Friday, April 1, 2011

On the Reading of Books

When I was a wide-eyed teenager trying to make sense of the world and envisioning an exciting future for myself, I saw before my mind’s eye a few life choices: drugs, male prostitution, alcohol, or books.  I rejected the first option because I could not afford it.  I dispensed with the second option, for I was just too darn shy and withdrawn to be successful in that line of work.  The third option, alcoholism, was clearly out because I believe that the drinking of alcoholic beverages is a sin.  Books, however, offered me a chance to broaden my horizons and escape reality.  I think of Machiavelli’s words in a letter to a friend when he describes his time alone among books in his study: “There I am not ashamed to speak with them and to ask them the reasons for their actions; and they in their humanity reply to me.  And for the space of four hours I feel no boredom, I dismiss every affliction, I no longer fear poverty nor do I tremble at the thought of death.”  Indeed, reading a good book is like drinking a fine wine, except that instead of tasting a fermented liquid, you’re looking at a bunch of words on a page.  And apart from the fact that reading involves a degree of concentration whereas the drinking of wine is a simple act of consumption, and if you ignore the fact that reading and drinking are technically quite distinct acts that don’t seem to have anything in common, there is, I  think, a similarity.  (Part of me now wishes I hadn’t brought up the whole wine-book analogy; besides, I’ve never tasted wine before, what with the consumption of alcohol of any kind being a sin and all.)

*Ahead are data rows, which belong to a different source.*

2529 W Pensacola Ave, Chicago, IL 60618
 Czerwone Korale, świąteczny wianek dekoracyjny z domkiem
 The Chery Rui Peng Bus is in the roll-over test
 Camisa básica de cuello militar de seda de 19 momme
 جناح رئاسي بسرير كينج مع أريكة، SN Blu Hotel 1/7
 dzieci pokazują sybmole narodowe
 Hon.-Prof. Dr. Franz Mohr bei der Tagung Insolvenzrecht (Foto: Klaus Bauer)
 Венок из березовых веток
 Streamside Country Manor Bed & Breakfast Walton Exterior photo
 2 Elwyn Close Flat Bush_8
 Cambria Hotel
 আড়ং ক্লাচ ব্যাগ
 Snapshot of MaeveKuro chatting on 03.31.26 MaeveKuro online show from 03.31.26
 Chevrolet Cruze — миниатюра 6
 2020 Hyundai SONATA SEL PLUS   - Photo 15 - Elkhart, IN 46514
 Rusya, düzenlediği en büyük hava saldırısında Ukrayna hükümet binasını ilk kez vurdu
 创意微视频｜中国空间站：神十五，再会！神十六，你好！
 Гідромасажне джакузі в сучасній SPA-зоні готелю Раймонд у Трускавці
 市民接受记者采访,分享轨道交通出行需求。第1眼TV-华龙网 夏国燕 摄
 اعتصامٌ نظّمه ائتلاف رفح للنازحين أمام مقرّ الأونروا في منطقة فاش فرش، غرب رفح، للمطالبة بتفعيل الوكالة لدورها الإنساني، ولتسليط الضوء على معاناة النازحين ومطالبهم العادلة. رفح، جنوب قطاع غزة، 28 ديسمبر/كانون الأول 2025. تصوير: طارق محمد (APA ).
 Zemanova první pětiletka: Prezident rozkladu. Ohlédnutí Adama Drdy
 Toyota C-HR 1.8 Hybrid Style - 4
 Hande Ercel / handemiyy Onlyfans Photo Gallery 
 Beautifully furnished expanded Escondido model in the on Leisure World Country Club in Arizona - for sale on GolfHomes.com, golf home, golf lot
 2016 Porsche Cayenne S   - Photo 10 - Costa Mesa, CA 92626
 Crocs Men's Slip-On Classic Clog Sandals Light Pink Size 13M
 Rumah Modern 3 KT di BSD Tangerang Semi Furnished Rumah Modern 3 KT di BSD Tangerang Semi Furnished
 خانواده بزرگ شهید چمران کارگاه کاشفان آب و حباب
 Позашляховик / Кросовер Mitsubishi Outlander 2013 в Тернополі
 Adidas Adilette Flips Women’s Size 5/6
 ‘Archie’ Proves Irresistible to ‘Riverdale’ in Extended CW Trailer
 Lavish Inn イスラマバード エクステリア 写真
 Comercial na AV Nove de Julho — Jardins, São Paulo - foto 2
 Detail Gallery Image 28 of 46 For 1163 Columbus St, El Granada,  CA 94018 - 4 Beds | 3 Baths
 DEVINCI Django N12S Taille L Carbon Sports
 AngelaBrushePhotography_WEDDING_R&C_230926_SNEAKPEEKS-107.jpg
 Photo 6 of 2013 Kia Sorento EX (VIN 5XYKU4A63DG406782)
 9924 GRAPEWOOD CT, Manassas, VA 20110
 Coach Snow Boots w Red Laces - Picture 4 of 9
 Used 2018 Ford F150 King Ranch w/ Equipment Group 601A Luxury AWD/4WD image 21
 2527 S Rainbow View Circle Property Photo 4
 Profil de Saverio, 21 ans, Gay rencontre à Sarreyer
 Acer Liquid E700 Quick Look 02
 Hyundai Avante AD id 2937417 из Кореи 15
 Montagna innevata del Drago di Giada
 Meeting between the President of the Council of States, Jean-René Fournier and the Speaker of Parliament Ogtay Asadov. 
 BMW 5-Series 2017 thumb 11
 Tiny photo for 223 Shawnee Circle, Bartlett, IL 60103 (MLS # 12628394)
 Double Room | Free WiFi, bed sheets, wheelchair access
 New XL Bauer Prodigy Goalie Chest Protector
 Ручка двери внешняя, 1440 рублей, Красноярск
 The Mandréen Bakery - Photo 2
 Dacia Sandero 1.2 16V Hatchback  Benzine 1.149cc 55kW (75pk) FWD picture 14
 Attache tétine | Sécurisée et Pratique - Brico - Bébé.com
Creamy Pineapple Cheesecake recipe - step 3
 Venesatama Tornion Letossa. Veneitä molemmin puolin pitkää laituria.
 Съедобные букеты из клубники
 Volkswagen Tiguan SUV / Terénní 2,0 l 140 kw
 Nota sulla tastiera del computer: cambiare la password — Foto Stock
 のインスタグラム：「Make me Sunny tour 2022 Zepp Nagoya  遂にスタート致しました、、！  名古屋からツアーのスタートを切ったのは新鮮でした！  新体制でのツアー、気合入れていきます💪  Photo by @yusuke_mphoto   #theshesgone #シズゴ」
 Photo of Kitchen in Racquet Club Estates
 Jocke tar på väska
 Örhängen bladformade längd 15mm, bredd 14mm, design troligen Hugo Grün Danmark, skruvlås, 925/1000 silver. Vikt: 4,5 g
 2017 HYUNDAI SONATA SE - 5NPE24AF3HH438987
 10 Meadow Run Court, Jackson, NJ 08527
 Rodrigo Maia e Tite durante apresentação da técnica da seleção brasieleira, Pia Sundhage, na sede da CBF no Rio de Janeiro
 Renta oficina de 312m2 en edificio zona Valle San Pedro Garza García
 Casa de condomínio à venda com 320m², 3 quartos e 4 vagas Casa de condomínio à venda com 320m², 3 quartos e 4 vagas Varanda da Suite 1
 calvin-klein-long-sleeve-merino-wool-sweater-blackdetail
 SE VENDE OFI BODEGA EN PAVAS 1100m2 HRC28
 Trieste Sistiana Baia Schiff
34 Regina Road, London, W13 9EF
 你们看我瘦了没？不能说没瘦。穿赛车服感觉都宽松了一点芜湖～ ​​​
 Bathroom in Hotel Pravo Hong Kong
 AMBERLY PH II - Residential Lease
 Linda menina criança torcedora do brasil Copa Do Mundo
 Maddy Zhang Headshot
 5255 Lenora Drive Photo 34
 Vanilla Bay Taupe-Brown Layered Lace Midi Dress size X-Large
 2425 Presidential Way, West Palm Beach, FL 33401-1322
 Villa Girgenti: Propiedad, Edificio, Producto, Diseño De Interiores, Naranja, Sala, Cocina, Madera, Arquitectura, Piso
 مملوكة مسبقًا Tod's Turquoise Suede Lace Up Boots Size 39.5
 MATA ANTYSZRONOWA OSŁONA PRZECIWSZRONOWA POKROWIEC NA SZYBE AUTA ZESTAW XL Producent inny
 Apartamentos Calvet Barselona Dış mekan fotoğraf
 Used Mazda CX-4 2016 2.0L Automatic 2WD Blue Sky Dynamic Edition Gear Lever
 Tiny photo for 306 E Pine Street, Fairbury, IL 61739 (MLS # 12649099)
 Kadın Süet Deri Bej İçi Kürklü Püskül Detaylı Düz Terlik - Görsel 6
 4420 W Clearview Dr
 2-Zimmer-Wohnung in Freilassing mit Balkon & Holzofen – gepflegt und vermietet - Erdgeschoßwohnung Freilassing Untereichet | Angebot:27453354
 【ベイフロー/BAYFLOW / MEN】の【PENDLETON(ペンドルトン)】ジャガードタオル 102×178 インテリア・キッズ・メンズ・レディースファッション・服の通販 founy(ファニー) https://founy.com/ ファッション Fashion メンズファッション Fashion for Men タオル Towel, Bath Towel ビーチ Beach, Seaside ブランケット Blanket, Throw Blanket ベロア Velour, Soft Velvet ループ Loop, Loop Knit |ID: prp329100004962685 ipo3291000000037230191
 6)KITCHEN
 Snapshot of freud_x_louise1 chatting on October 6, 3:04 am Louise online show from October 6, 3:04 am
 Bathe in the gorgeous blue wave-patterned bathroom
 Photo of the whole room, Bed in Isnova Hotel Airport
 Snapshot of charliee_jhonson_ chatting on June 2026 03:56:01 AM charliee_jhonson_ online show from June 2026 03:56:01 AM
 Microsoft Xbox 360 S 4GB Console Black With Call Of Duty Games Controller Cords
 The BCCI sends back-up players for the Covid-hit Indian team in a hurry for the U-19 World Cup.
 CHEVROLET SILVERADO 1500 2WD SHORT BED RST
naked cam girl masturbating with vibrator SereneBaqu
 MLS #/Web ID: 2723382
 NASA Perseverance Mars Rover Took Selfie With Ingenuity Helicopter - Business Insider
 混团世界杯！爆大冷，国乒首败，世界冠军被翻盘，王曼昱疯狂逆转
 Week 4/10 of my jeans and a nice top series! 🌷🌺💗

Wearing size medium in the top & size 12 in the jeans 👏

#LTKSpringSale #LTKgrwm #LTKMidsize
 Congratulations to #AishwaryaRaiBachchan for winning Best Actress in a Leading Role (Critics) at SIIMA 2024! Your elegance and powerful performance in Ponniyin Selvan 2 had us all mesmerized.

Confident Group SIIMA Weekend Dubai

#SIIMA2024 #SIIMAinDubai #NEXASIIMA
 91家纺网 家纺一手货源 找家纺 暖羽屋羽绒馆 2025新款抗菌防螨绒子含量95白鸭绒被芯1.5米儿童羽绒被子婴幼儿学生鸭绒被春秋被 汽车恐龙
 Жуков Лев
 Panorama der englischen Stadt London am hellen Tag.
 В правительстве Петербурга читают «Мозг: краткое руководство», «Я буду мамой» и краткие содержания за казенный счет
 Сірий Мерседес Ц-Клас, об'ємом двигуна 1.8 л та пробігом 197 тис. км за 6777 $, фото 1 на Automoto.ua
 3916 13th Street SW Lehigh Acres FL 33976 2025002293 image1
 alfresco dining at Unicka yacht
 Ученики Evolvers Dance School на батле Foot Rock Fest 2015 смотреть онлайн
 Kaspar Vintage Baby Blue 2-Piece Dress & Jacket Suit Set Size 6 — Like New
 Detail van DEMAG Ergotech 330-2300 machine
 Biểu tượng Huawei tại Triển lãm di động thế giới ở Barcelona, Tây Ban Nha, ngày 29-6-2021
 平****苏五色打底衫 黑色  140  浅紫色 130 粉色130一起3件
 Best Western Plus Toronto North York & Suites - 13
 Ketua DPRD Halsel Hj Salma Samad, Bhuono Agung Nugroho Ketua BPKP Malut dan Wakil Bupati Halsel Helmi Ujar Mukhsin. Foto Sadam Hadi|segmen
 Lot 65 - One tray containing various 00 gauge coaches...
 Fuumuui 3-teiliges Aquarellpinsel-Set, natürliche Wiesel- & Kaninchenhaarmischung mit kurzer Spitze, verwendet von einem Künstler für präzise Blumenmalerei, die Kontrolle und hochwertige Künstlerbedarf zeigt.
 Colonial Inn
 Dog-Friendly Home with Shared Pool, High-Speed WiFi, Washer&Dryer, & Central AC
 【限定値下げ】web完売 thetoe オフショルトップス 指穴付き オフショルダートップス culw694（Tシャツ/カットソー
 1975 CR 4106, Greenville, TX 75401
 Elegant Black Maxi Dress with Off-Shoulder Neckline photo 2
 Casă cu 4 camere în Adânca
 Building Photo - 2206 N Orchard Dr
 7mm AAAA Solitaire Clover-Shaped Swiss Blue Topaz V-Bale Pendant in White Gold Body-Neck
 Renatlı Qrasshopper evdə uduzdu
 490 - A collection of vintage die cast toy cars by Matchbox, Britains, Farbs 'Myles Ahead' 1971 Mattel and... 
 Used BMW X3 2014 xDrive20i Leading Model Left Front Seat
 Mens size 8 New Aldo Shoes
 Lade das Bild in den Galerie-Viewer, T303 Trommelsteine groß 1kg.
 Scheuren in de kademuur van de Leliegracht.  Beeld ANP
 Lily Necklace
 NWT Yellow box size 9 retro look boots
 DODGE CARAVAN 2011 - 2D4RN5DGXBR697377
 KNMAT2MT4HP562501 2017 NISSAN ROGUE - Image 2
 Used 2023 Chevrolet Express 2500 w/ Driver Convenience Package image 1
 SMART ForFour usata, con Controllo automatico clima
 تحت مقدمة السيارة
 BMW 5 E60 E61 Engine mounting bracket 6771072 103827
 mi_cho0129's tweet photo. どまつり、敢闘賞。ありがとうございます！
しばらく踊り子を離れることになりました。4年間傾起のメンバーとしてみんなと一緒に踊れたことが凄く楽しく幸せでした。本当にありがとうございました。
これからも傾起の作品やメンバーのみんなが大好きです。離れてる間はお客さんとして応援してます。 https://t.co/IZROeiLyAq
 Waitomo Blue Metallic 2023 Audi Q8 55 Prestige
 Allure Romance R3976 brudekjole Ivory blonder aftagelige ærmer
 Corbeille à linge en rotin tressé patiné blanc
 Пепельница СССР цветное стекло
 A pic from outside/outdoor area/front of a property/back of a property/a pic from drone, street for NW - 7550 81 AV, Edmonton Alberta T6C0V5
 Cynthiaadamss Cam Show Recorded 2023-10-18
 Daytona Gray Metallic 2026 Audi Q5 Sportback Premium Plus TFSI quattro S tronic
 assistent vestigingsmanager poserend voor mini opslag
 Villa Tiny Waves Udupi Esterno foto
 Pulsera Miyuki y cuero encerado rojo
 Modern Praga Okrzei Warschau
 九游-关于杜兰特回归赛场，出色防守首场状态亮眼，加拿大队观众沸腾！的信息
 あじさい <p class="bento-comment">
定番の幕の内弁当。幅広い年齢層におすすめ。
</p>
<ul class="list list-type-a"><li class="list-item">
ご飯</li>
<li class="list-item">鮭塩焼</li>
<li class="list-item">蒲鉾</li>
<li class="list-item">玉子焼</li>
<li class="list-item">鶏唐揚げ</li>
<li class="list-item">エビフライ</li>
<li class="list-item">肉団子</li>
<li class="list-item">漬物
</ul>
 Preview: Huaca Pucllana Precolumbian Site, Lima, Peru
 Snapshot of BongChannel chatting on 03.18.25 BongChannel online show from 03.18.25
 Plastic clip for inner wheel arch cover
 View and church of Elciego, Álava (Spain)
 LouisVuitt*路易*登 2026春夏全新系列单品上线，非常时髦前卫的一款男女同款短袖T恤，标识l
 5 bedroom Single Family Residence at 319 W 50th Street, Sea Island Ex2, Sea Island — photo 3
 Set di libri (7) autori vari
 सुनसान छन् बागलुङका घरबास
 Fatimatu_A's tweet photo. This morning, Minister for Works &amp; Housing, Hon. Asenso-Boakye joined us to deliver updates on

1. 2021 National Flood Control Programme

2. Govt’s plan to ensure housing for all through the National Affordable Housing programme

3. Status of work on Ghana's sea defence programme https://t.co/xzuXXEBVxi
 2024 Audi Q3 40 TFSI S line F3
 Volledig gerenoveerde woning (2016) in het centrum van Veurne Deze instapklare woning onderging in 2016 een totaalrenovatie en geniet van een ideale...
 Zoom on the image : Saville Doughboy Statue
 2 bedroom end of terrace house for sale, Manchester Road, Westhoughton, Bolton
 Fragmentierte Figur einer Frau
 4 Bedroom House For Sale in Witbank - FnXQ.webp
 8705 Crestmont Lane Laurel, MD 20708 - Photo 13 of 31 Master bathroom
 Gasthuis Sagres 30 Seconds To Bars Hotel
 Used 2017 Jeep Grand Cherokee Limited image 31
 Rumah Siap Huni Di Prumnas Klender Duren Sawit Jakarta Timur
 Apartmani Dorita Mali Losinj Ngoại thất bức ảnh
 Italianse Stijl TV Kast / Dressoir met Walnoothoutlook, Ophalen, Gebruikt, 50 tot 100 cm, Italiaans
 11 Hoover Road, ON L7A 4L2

As I get older and career and family responsibilities keep me busy, I must be selective these days when it comes to reading; the book I choose has to be a good one.  I recently found a paperback romance novel entitled Torrid Tangle in Tallahassee at a used bookstore.  What attracted me was the cover: a muscle-bound Italian-looking youth with long, flaxen hair appears to be ravishing a blonde woman who's wearing nothing but a black negligee and wanton eyes.  In the background is a mansion with a Lamborghini parked in the large driveway.  People who meet me, I should add, instantly recognize me for a romantic.  Anyway, I figured that such a book would give me some wonderful lessons for life.  When the leggy Becky had rejected Scott, the handsome young MBA groomed by her father to take over the corporation, for the swarthy Fabio-like Jacko, who rode motorcyles and sported tight leather pants and seemed attentive to her deepest needs, I knew I could gain some important insights about the human condition.  As much as I love books, though, there's a few thingsand only a fewthat you can't learn from a book, like living life or whatever.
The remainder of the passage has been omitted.